Place a chicken breast half between 2 pieces of plastic wrap. Using the flat side of a meat mallet, pound meat lightly into a rectangle about 1/8 inch thick Remove plastic wrap.
2.
In a shallow dish combine the flour, cornmeal, and ground red pepper. Place egg in another shallow dish; add water and beat lightly to combine.
3.
For each roll, place a chile pepper half on a chicken piece near an edge. Place a cheese stick on the chile pepper near an edge. Sprinkle with some of the cilantro or parsley and black pepper. Fold in sides; roll up, starting from edge with cheese. Secure with wooden toothpicks.
4.
Dip rolls in egg mixture; coat with cornmeal mixture. Place rolls, seam sides down, in a shallow baking pan. Drizzle with butter.
5.
Bake, uncovered, in a 375 degree oven for 25 to 30 minutes or until chicken is no longer pink (170 degrees F). Remove toothpicks. Meanwhile, heat salsa; serve over chicken. If desired, garnish with additional cilantro.
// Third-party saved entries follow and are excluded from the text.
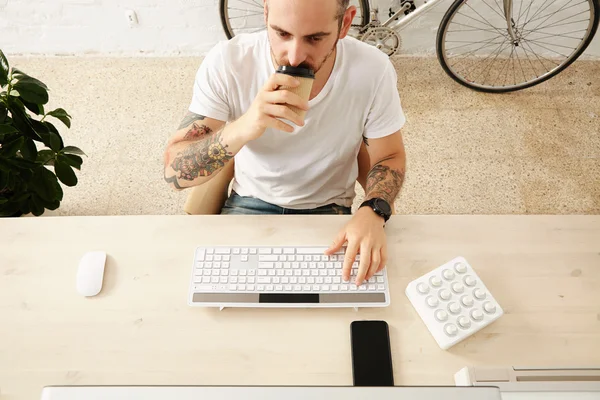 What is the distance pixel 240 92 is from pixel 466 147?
1456 millimetres

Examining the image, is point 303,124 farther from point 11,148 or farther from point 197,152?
point 11,148

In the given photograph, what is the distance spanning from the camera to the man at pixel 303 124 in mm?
953

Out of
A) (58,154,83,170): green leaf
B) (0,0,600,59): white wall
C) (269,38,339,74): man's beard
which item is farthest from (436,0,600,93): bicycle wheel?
(58,154,83,170): green leaf

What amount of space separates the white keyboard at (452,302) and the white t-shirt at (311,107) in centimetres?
42

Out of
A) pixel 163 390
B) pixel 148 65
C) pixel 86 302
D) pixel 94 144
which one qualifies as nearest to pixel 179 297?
pixel 86 302

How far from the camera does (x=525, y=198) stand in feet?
6.72

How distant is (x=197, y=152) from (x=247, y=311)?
1.36ft

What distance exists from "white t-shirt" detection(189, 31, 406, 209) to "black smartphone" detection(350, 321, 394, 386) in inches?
19.2

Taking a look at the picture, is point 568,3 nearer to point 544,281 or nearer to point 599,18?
point 599,18

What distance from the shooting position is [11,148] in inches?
51.4

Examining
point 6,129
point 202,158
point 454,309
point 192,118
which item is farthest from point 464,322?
point 6,129

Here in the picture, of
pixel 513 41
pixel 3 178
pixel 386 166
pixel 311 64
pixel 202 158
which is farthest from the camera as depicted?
pixel 513 41

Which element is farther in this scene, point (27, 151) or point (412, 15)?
point (412, 15)

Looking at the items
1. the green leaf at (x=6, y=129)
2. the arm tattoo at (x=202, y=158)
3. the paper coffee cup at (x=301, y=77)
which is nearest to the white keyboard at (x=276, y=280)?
the arm tattoo at (x=202, y=158) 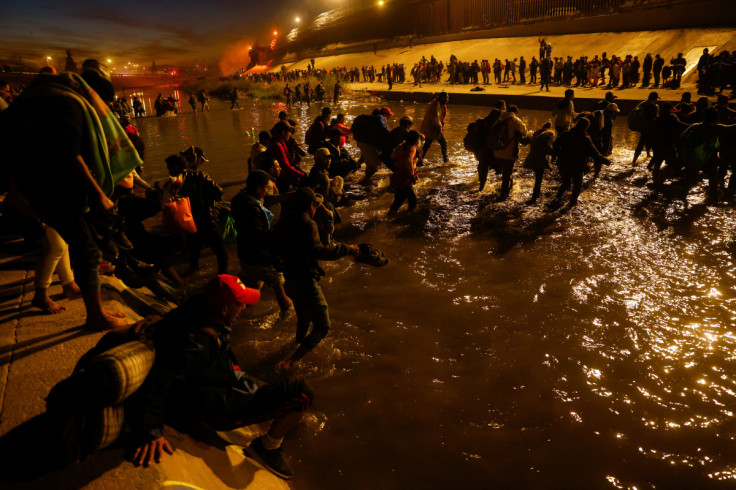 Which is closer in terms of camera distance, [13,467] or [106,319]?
[13,467]

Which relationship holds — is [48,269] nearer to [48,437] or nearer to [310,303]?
[310,303]

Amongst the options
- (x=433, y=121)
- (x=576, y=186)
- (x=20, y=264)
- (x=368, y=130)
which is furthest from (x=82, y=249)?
(x=433, y=121)

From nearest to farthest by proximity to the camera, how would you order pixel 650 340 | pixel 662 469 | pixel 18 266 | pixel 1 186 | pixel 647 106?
pixel 662 469 < pixel 1 186 < pixel 650 340 < pixel 18 266 < pixel 647 106

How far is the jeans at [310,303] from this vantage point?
145 inches

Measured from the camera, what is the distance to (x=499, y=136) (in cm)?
775

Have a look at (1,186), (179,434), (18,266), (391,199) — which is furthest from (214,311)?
(391,199)

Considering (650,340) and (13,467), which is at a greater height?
(13,467)

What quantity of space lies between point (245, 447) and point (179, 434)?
0.60 meters

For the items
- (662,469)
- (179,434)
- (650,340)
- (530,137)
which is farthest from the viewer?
(530,137)

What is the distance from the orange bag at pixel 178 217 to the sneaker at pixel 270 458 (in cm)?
292

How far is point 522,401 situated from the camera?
139 inches

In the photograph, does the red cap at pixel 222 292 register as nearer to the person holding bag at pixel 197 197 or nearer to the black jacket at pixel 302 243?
the black jacket at pixel 302 243

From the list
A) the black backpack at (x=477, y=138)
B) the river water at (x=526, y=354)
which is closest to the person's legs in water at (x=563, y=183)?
the river water at (x=526, y=354)

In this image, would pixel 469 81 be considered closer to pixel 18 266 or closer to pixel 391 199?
pixel 391 199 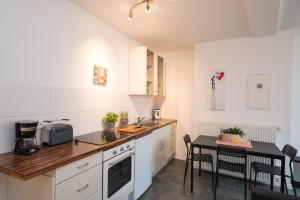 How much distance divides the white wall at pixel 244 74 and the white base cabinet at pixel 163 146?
617 mm

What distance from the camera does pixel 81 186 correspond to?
146 cm

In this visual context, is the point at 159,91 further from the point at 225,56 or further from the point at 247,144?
the point at 247,144

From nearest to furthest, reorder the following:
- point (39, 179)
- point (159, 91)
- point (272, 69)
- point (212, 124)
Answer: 1. point (39, 179)
2. point (272, 69)
3. point (212, 124)
4. point (159, 91)

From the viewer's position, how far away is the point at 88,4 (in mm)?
2055

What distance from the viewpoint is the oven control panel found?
5.78 ft

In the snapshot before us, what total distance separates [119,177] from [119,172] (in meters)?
0.06

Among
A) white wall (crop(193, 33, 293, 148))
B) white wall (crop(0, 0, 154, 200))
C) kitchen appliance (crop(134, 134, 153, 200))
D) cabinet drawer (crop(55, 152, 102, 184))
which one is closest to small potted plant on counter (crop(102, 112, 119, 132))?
white wall (crop(0, 0, 154, 200))

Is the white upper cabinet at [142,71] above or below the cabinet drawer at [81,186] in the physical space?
Result: above

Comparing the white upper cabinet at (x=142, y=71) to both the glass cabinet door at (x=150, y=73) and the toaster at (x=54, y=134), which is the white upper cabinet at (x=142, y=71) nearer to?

Makes: 6 servings
Nutrition information
Calories 260, Total Fat 10 g, Saturated Fat 5 g, Monounsaturated Fat 3 g, Polyunsaturated Fat 1 g, Cholesterol 120 mg, Sodium 381 mg, Carbohydrate 10 g, Total Sugar 0 g, Fiber 1 g, Protein 31 g. Daily Values: Vitamin A 0%, Vitamin C 22%, Calcium 13%, Iron 10%. Exchanges: Vegetable .5, Starch .5, Lean Meat 4.